The Trudeau government is plowing ahead with an overhaul of the country's drug-pricing rules, unveiling draft regulations on Friday that are expected to save Canadians about $13-billion over 10 years.
One of the biggest changes would be the removal of the United States – which has the highest drug prices in the world – from the list of countries Canada uses to determine price ceilings.
But the reforms would put less emphasis on international price comparisons than the current system and add an emphasis on a drug's value for the money.
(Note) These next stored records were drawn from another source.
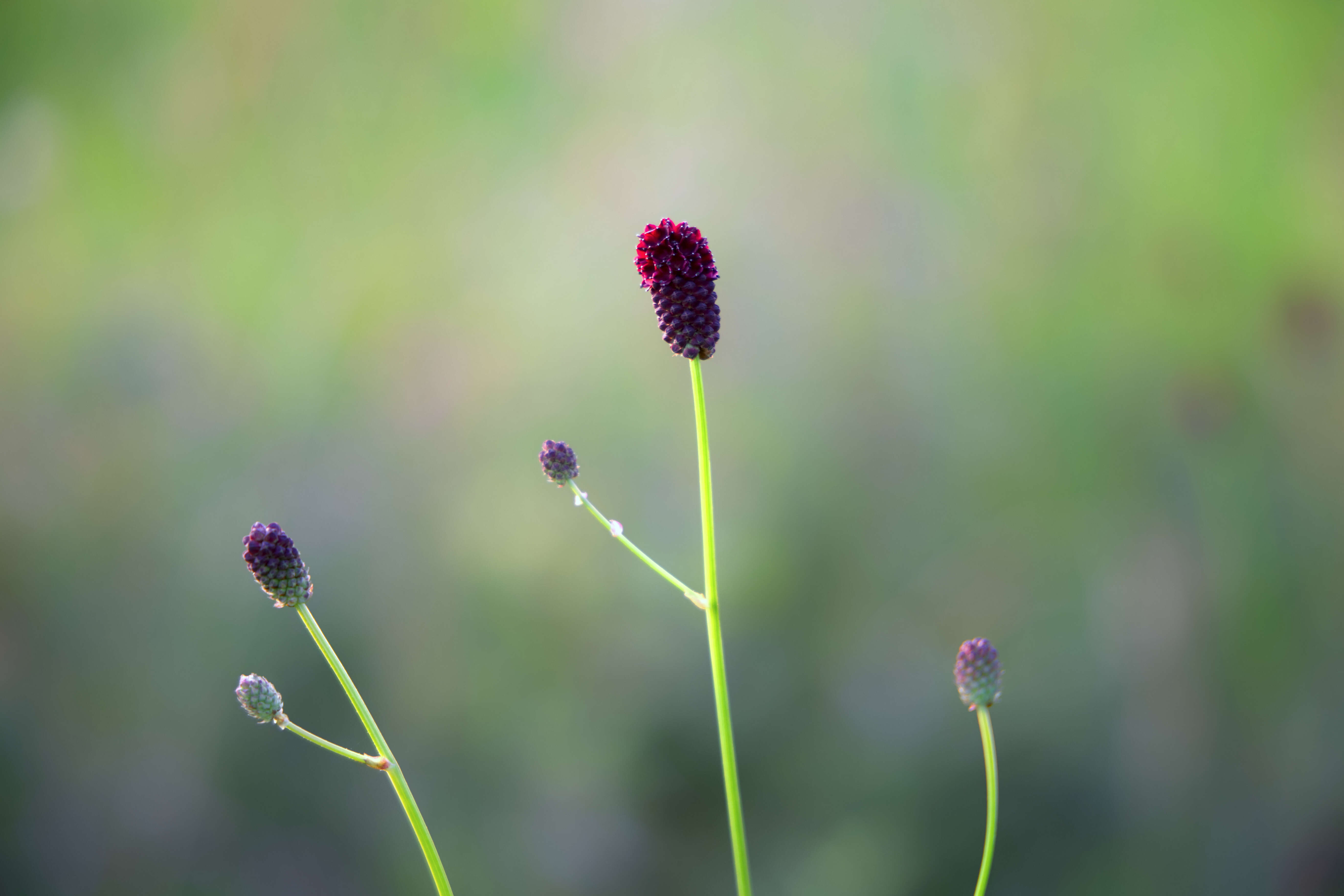 Image de Sanguisorbe officinale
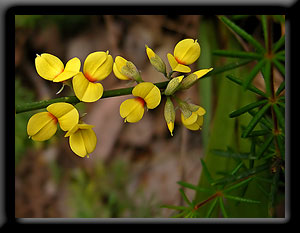 Wildflowers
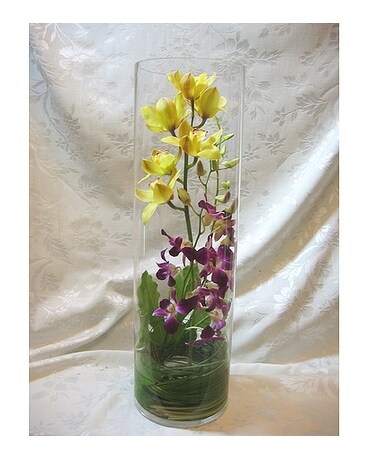 Mixed orchids arrangement
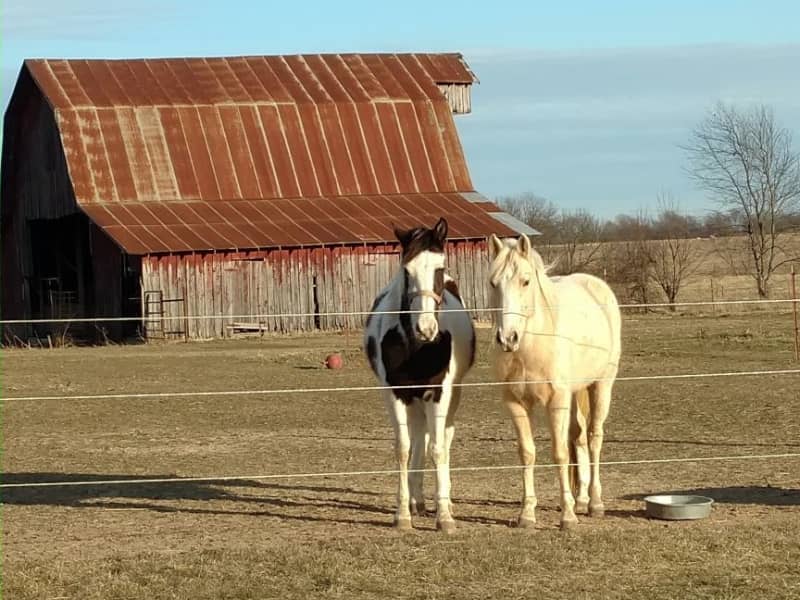 Housesitting assignment in Fairlawn, Ohio, United States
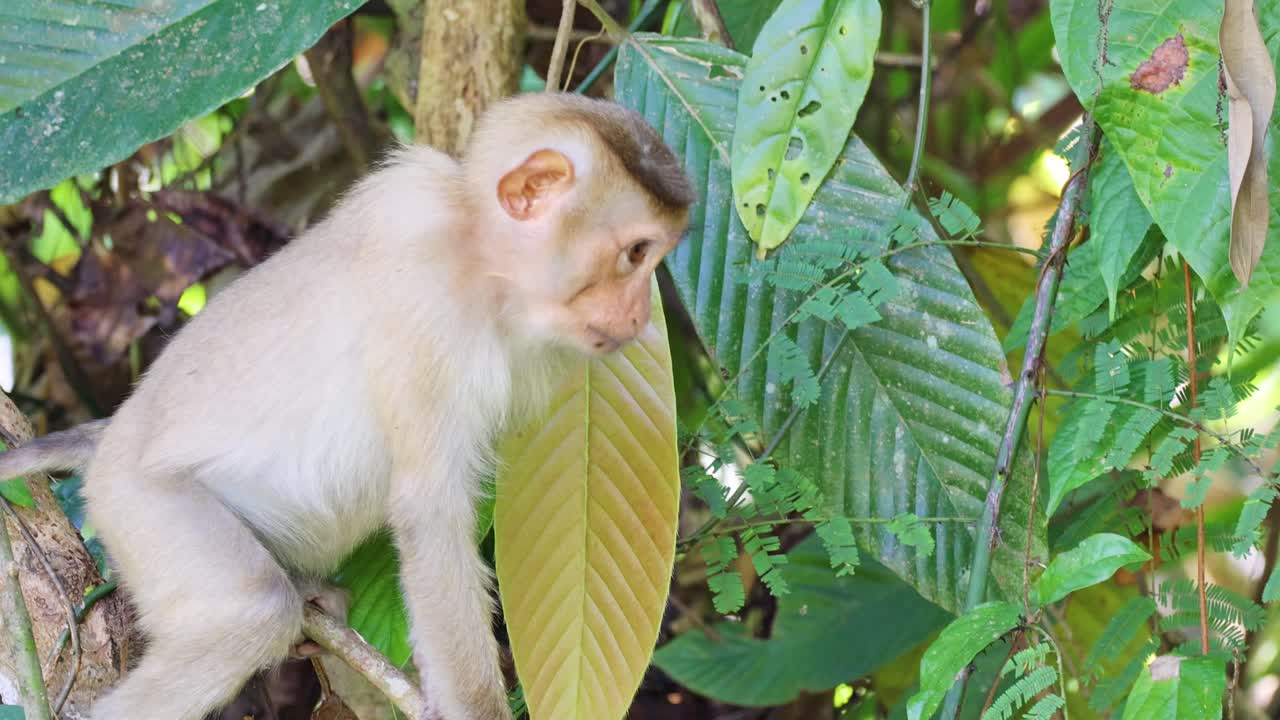 Juvenile macaque monkey inspects foliage on tree branch, natural daylight, lush jungle background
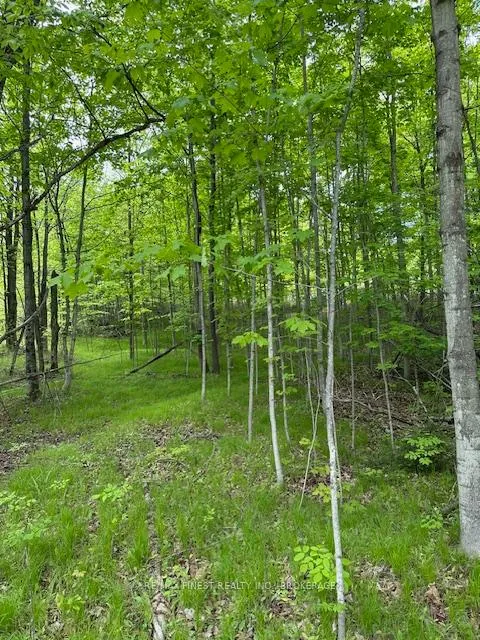 Photo 8 of 17146 Road 509, Frontenac, Frontenac Centre — HOMEH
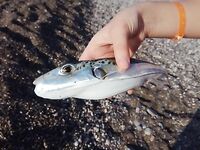 Кемер, Кириш — первые поклёвки на червя и куриное сердце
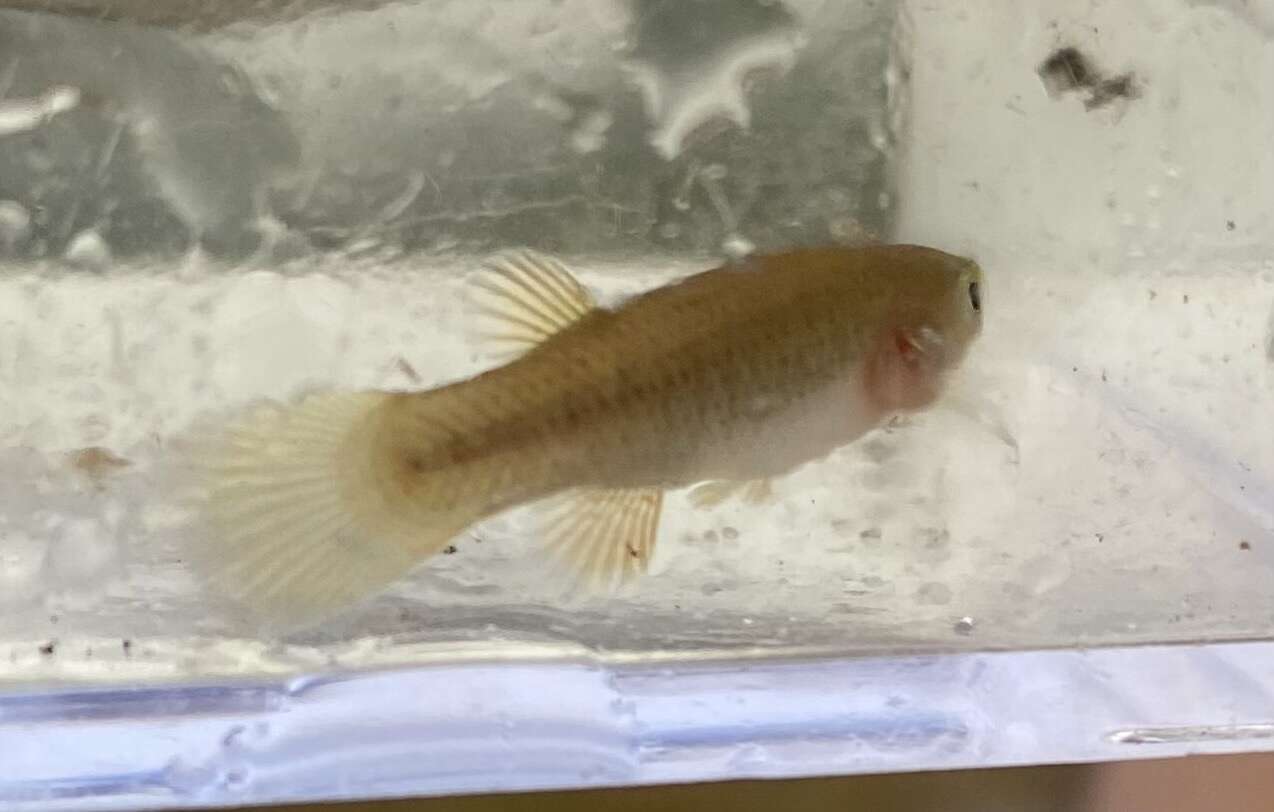 Image of Redface topminnow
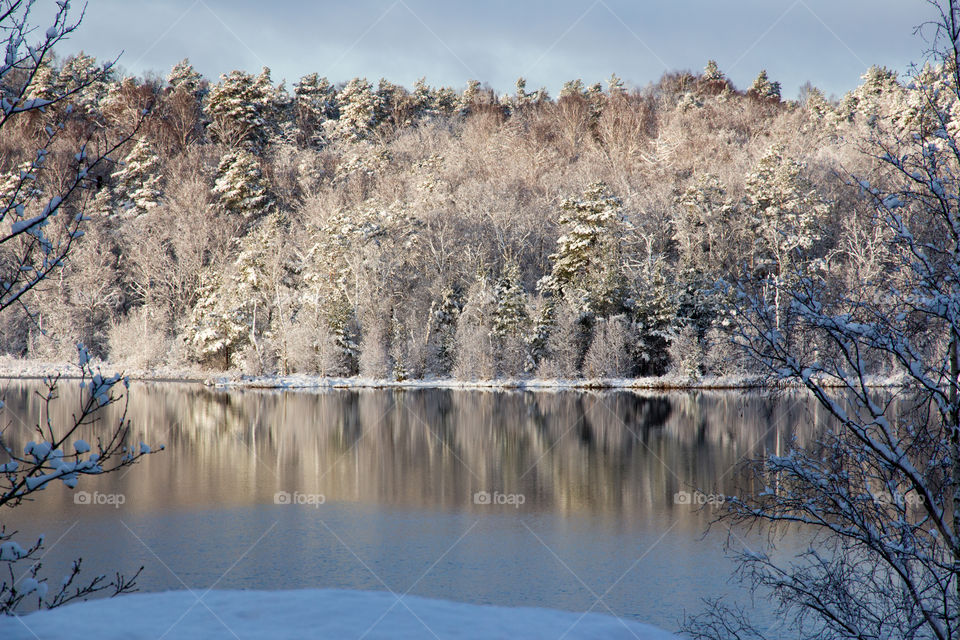 Beautiful winter wonderland lake reflection - vinterlandskap skog sjö reflektion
The regulatory amendments would also force pharmaceutical companies to reveal the real prices they charge to big payers, such as governments and large private insurers, that benefit from increasingly common secret discounts.
"I think this is very encouraging," said Matthew Herder, director of the health law institute at Dalhousie University in Halifax. "I think what we're seeing with the introduction of these regulations, if you read between the lines, is the slow unsexy process of meaningful, but incremental policy reform."
The draft regulations are essentially unchanged from the broad strokes of a plan that former health minister Jane Philpott announced in May, despite push-back from Big Pharma in the meantime.
Dr. Philpott said her government intended to modernize the Patented Medicine Prices Review Board, a quasi-judicial body that is supposed to keep a lid on brand-name drug prices.
In a briefing for reporters on Friday, Karen Reynolds, executive director of Health Canada's office of pharmaceutical management strategies, said the plan is expected to save $13.2-billion.
The board has struggled to fulfill its mandate using regulatory tools that are more than two decades old, especially as more astonishingly expensive drugs for rare diseases hit the market.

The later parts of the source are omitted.